One thing Asmodeus very clearly told me is that no matter what I do or where I go, or how closed off I ever may be, never to deny the Gods very real presence or my own souls existence and capability.
In the beginning phases of my working with Him, he appeared sad as well. 8 years ago. Since I’ve grown, the tone of things have changed drastically. This is also a reflection of our own beings state, which CAN fluctuate. Each time there was communication, I was very confused about the reason for the sadness and questioned how I could possibly make a God sad. This was more of a message and had a reason, in part I was too emotionally closed off with not enough reciprocation. I doubted my worthiness. The Gods get sad and they have very powerful and personal emotions but at the same time they do not take it too personally.
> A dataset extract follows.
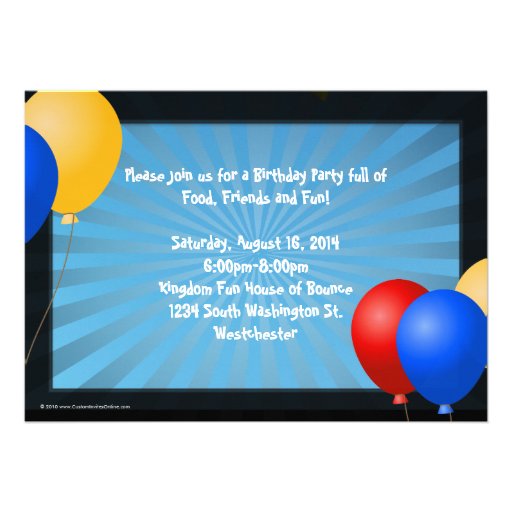Bounce House Balloons Birthday Party Invitation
He told me he didn’t mind at the same time, and didn’t mind taking time. We can block off the Gods from ourselves by our own openness and readiness. Try not to look into it too far, and try not to take it too personally as difficult as that sounds. Perhaps this God/Goddess was seeking an emotion from you.
When I’m too closed off, if a God/Goddess appears to me feelings of unworthiness can resurface and doubts. In the beginning phases of making a connection with one, more attacks are also present.
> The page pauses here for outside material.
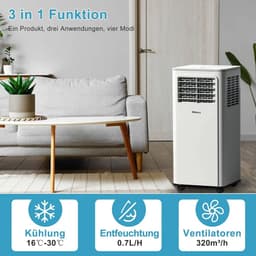 Shinco Mobiele Airco - Draagbare Airco - Portable Airco - Verrijdbare Airco - 7000 BTU - Koeling Ventileren Ontvochtigen tot 54m3 — thumbnail 5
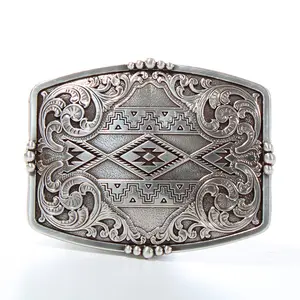 Nocona Rectangle Aztec Engraved Western Belt Buckle – Antique Silver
I was going through the list of Gods on JoS and paying each one mental respects and honors. It stopped at Raum and He came and he said he understood the reasons for what I desired to resolve. I suddenly blocked myself off by not wanting to ask for such a thing, and realized that what I was asking was a big deal. Instead of allowing him in and directly asking for what I wanted, I immediately jumped to ways I could ever repay it and stopped wanting to ask. Started finding ways to convince myself that I don’t actually want resolution and I should just let it be, and accept the sadness. I felt from him that what he would do would be out of love, and that I should allow that love through and feel that and whatever comes of that love and appreciation is the reciprocation. When I love and appreciate, naturally what follows is reciprocation. This stifling blocked off the communication and I couldn’t feel him anymore, and now I’ve got to wait for the right time again if it comes or do a proper ritual and just ask. I hate asking for things that deal in my personal physical world problems and I’m realizing that I have been expecting that when something is going on if I’m deserving of it the situation will just be magically fixed by either my own power or one of the Gods that would like to help. I’m starting to see this “if they want to help, they will, I don’t want to bother” is wrong. Sometimes I think I’ve got to stand up and take initiative in at least asking.